■ Extracted material:
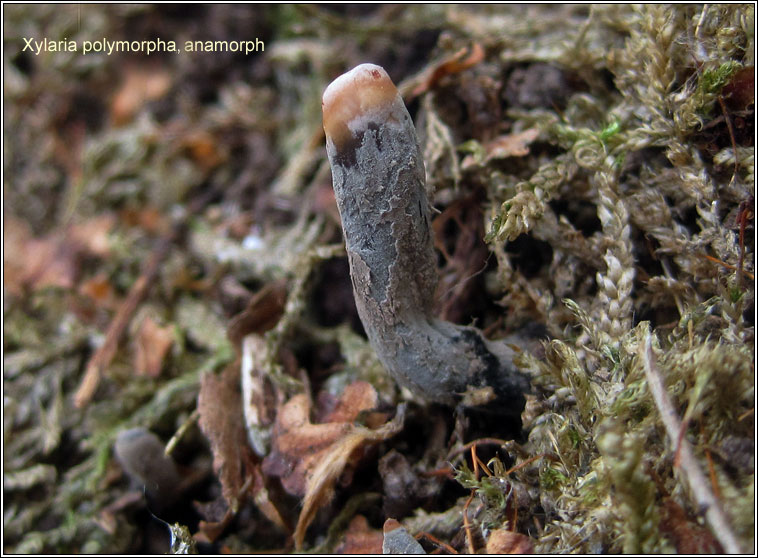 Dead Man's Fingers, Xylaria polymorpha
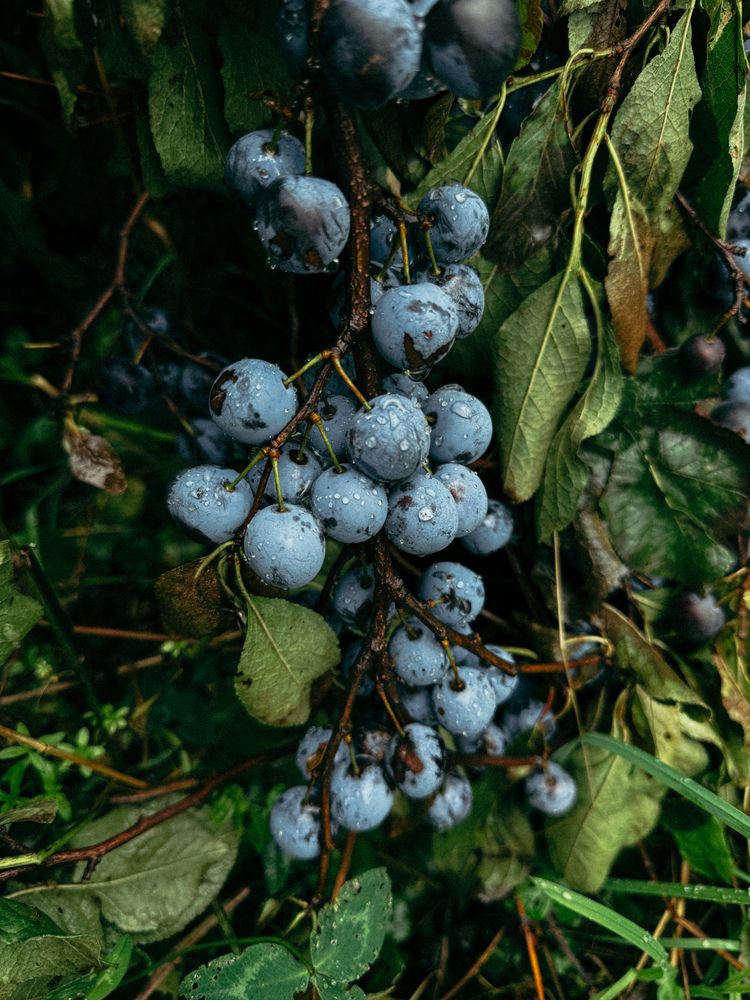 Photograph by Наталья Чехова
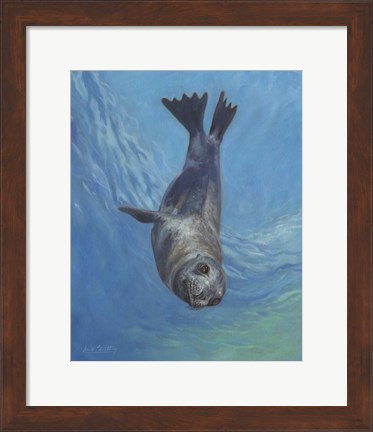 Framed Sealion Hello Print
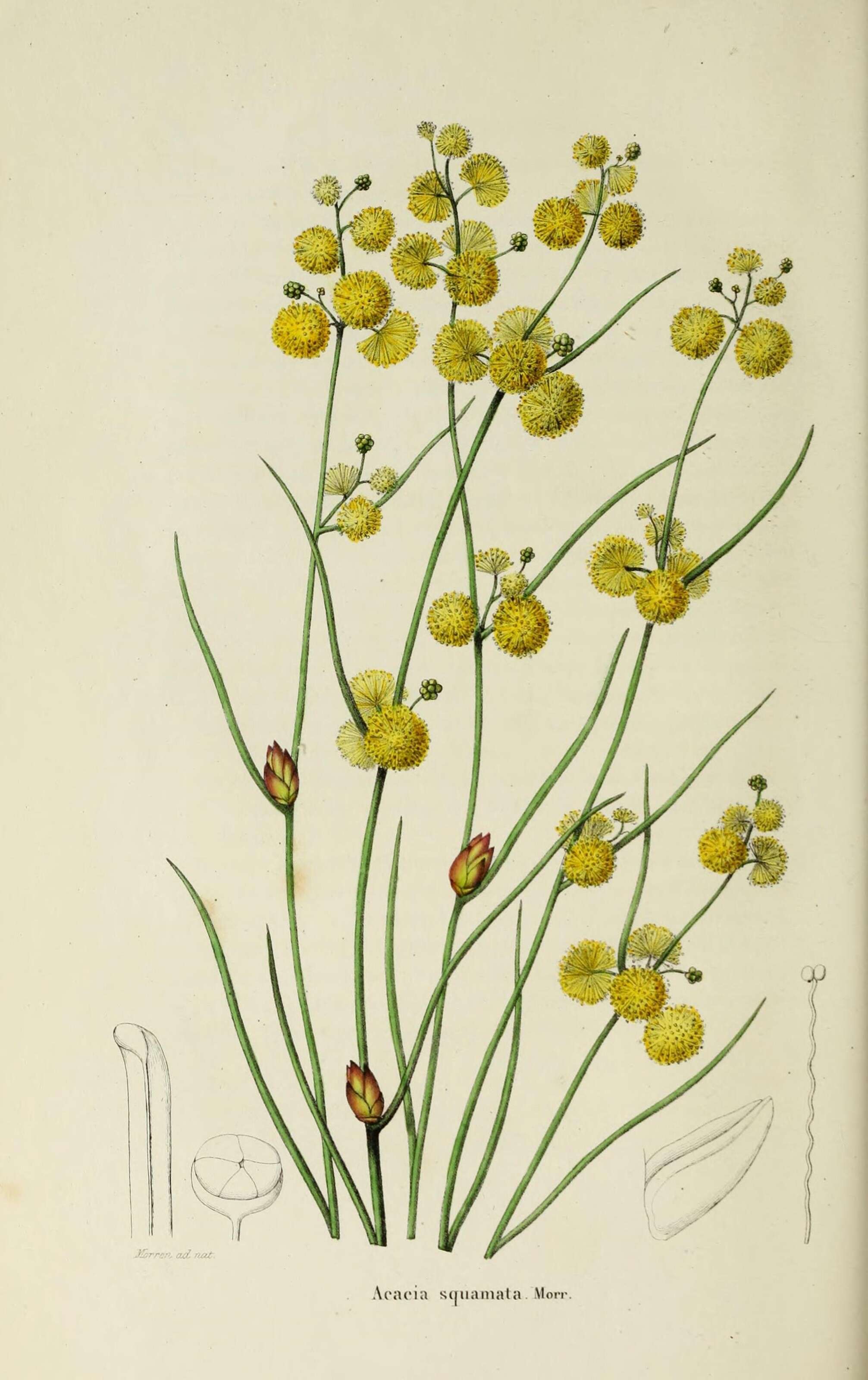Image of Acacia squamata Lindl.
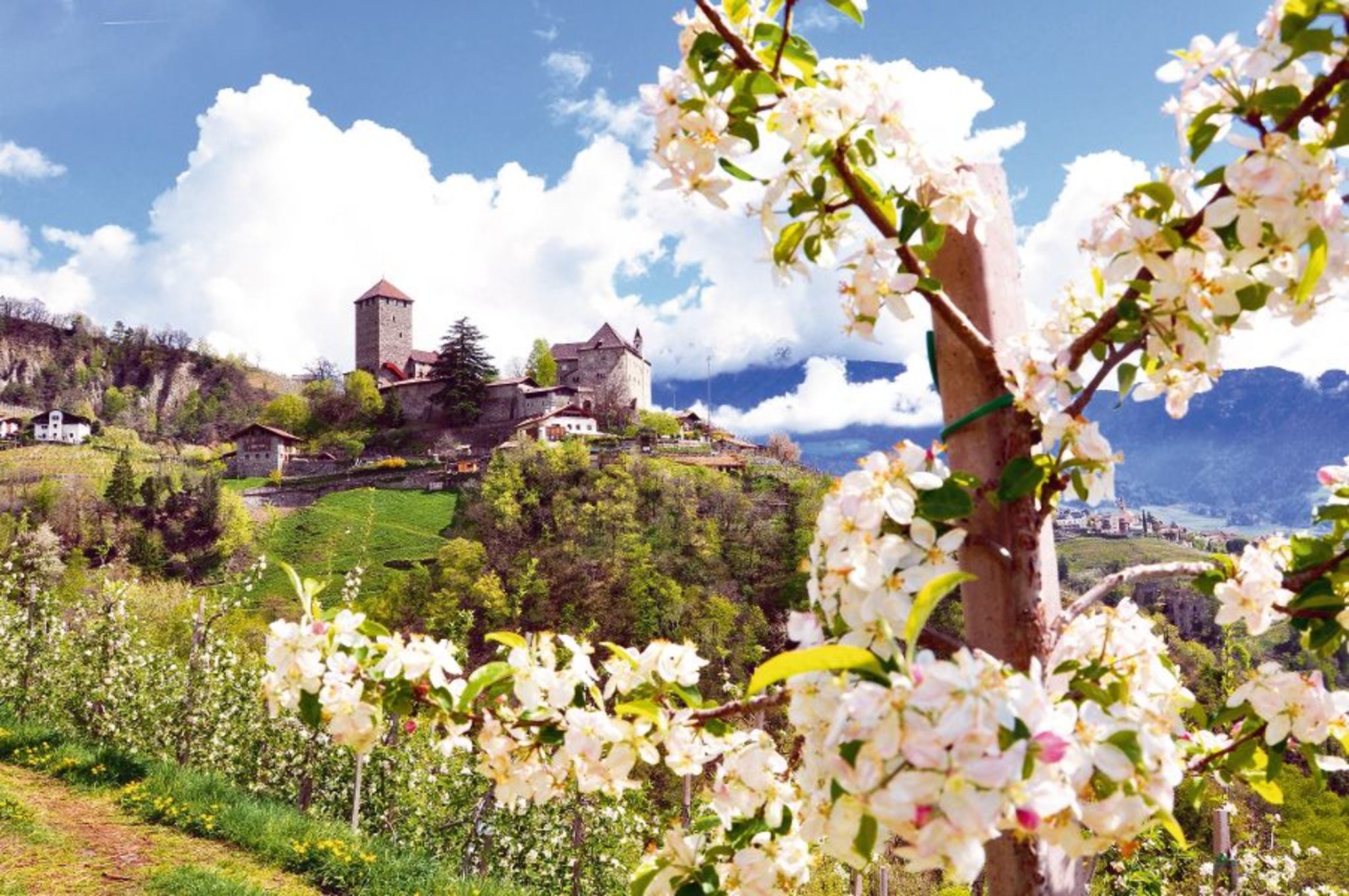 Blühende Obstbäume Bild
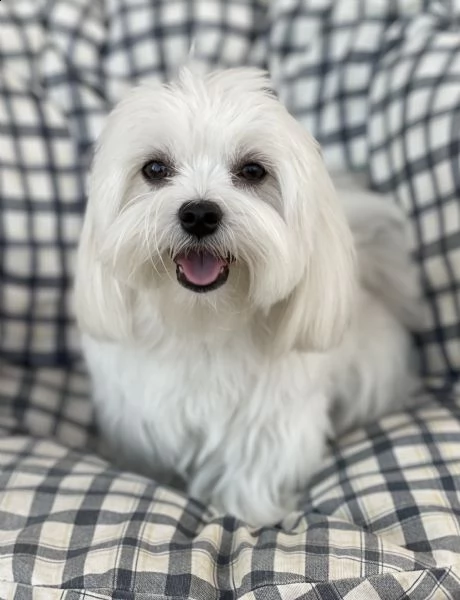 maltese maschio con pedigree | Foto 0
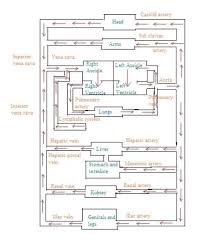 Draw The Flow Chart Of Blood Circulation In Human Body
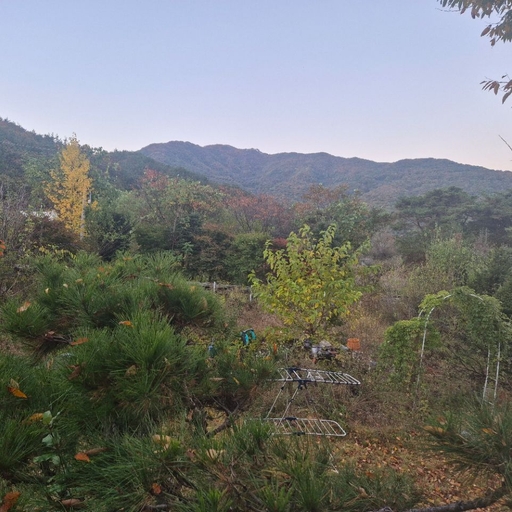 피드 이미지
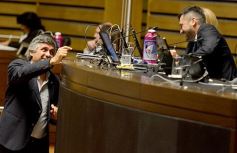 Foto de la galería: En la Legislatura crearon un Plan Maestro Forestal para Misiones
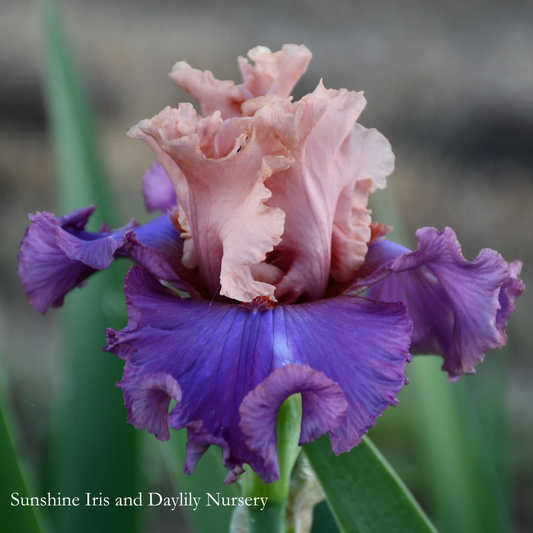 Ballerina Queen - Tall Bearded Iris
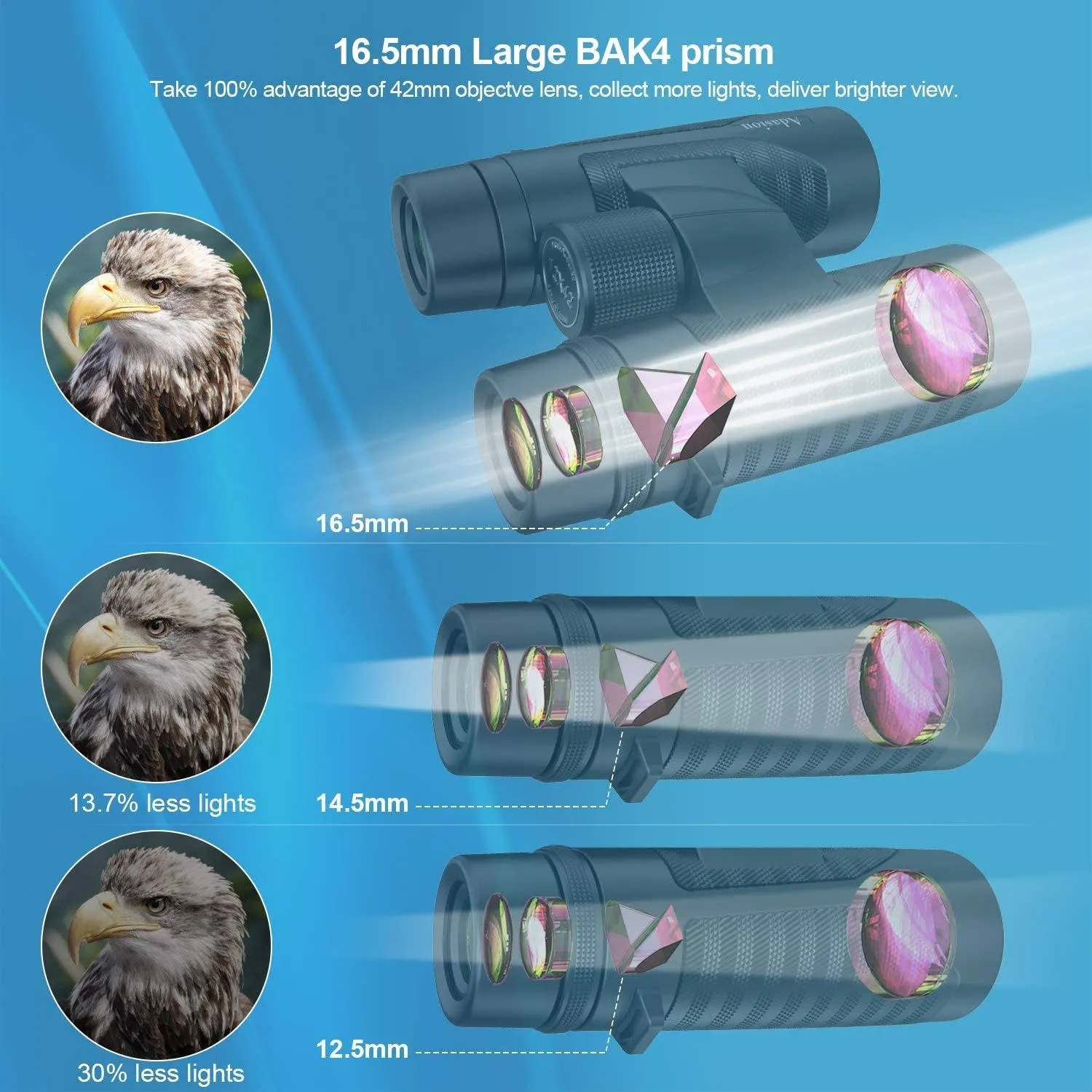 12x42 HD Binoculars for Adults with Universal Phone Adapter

■ The problem:
Repeat the listing verbatim. Skip the pictures.

■ Result below:
 Dead Man's Fingers, Xylaria polymorpha
 Photograph by Наталья Чехова
 Framed Sealion Hello Print
Image of Acacia squamata Lindl.
 Blühende Obstbäume Bild
 maltese maschio con pedigree | Foto 0
 Draw The Flow Chart Of Blood Circulation In Human Body
 피드 이미지
 Foto de la galería: En la Legislatura crearon un Plan Maestro Forestal para Misiones
 Ballerina Queen - Tall Bearded Iris
 12x42 HD Binoculars for Adults with Universal Phone Adapter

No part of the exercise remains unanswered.